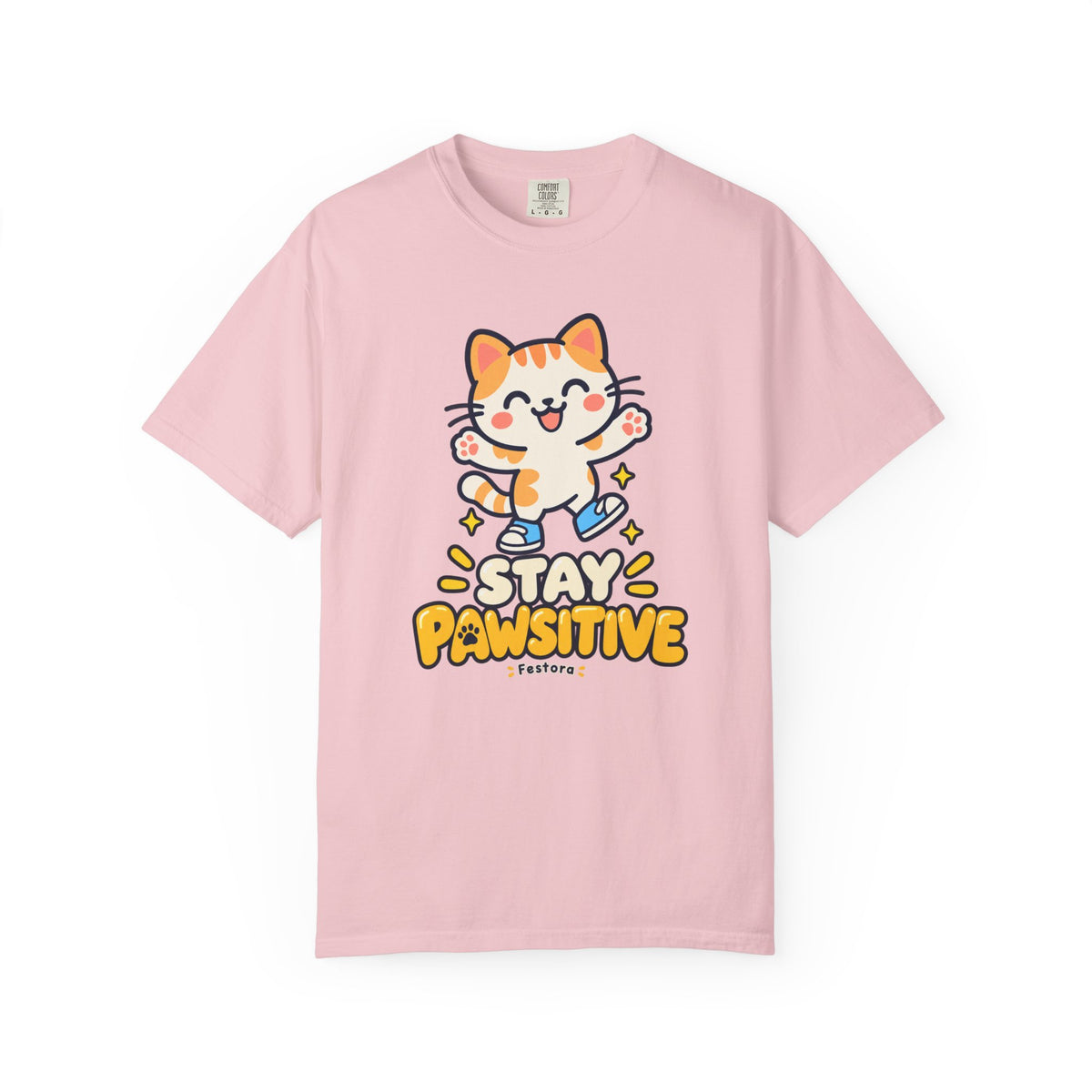 Stay Pawsitive – Cute Happy Cat Graphic T-Shirt
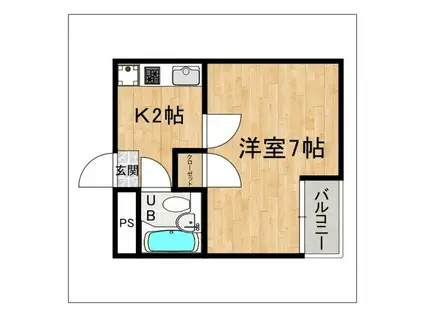 RX雑餉隈(1K/3階)の間取り写真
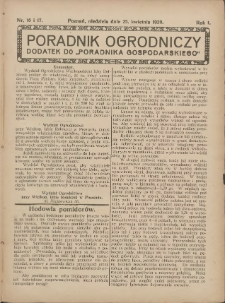Poradnik Ogrodniczy. 1920.04.25 R.1 Nr16-17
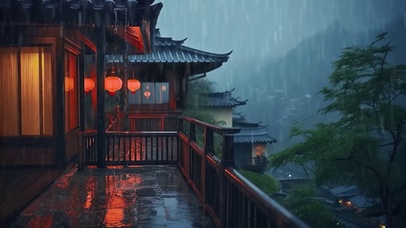 雨夜古镇
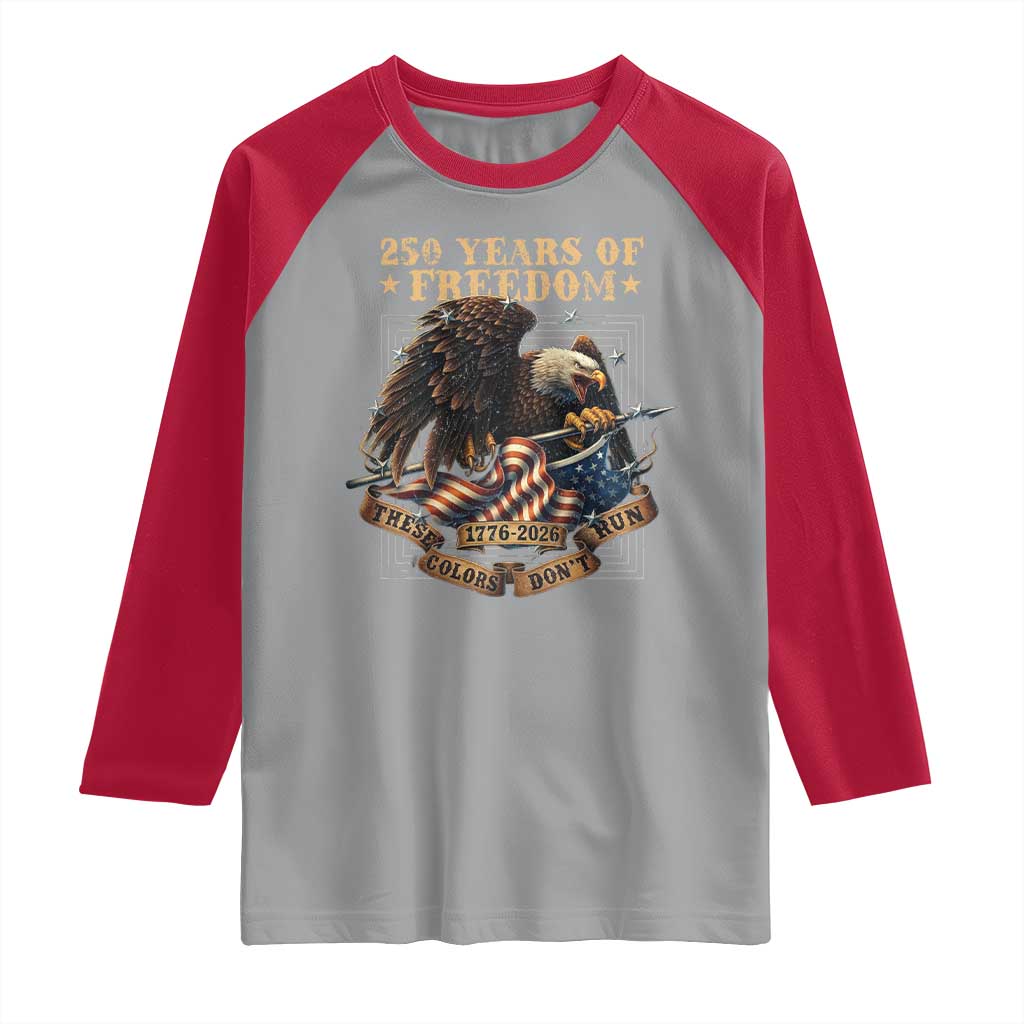 250th American Anniversary Raglan Shirt 250 Years Of Freedom Independence American Flag - Wonder Print Shop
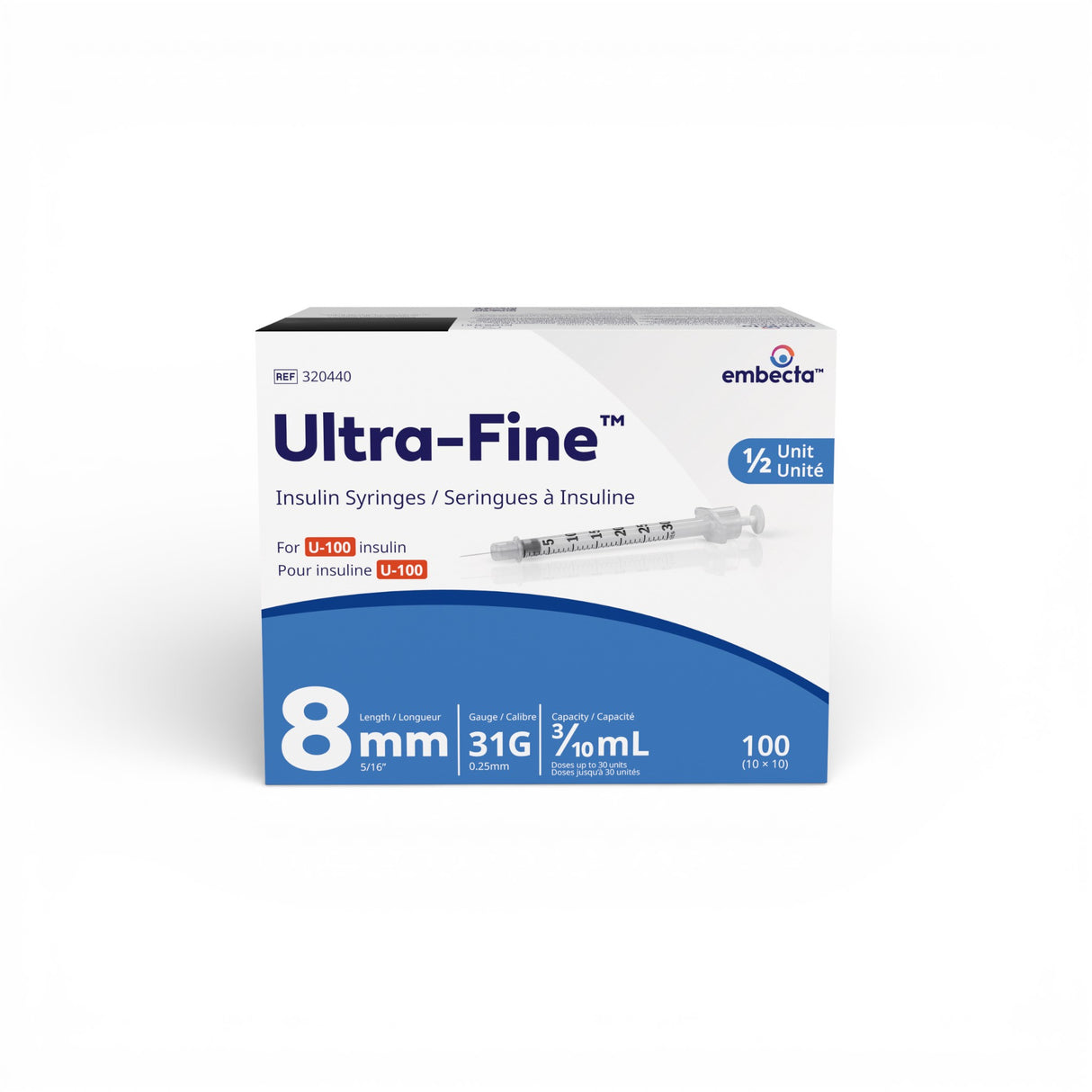 Ultra-Fine™ Insulin Syringes U-100 8mm 31G 0.3mL ½ unit 100ct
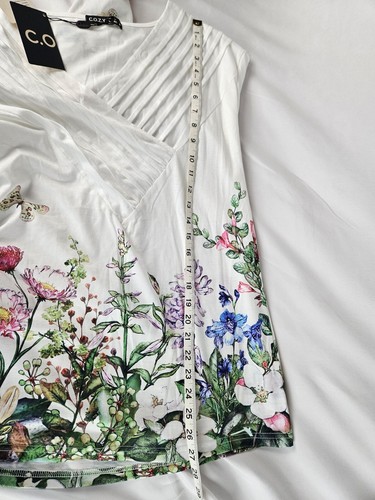 NWT C.O.Z.Y. Womens Long sleeve White floral Pullover top, Womens size 8 - Picture 6 of 6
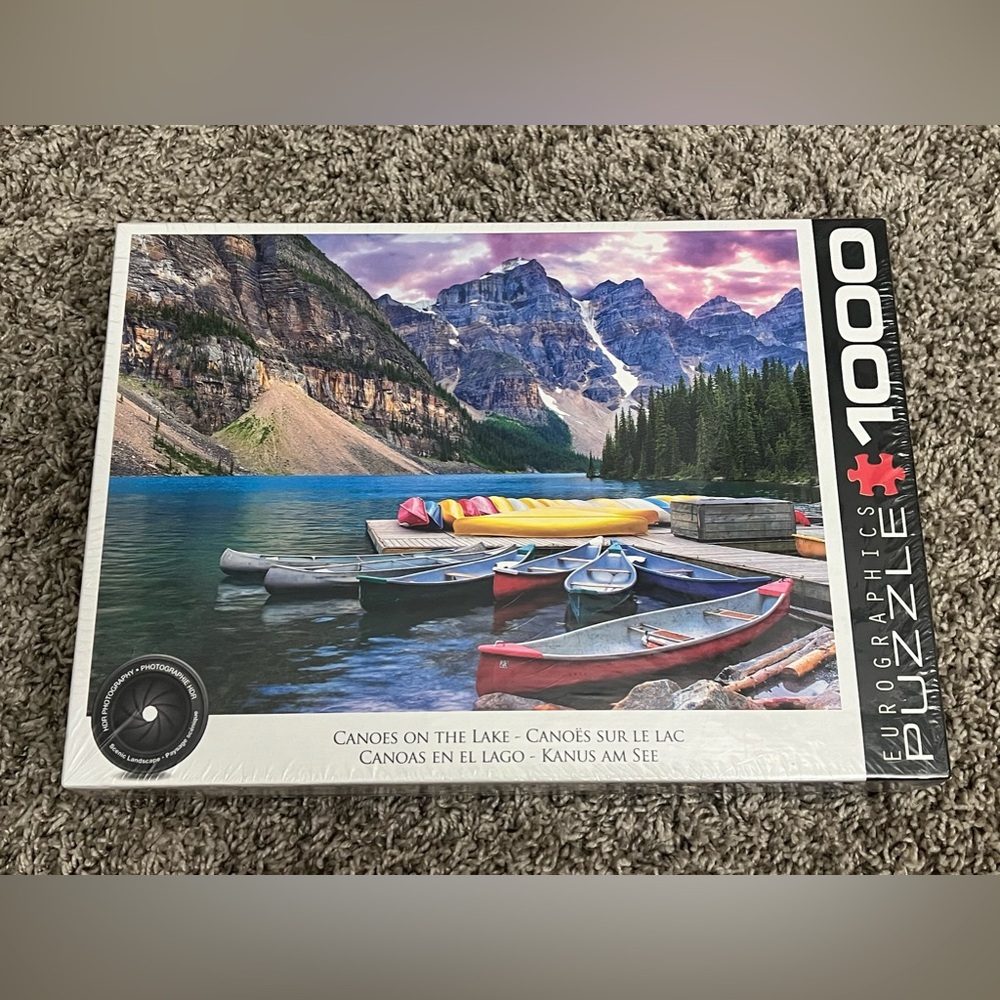 New 1000 piece puzzle Eurographics Puzzles - Canoes on the Lake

> _REQUIREMENT_: Leave out the pictures, and retype exactly the lines from the one containing "RX雑餉隈(1K/3階)の間取り写真" through the last line of the data above, no more and no less.

> _EXERCISE ANSWER_:
 RX雑餉隈(1K/3階)の間取り写真
Poradnik Ogrodniczy. 1920.04.25 R.1 Nr16-17
 雨夜古镇
 250th American Anniversary Raglan Shirt 250 Years Of Freedom Independence American Flag - Wonder Print Shop
 Ultra-Fine™ Insulin Syringes U-100 8mm 31G 0.3mL ½ unit 100ct
 NWT C.O.Z.Y. Womens Long sleeve White floral Pullover top, Womens size 8 - Picture 6 of 6
 New 1000 piece puzzle Eurographics Puzzles - Canoes on the Lake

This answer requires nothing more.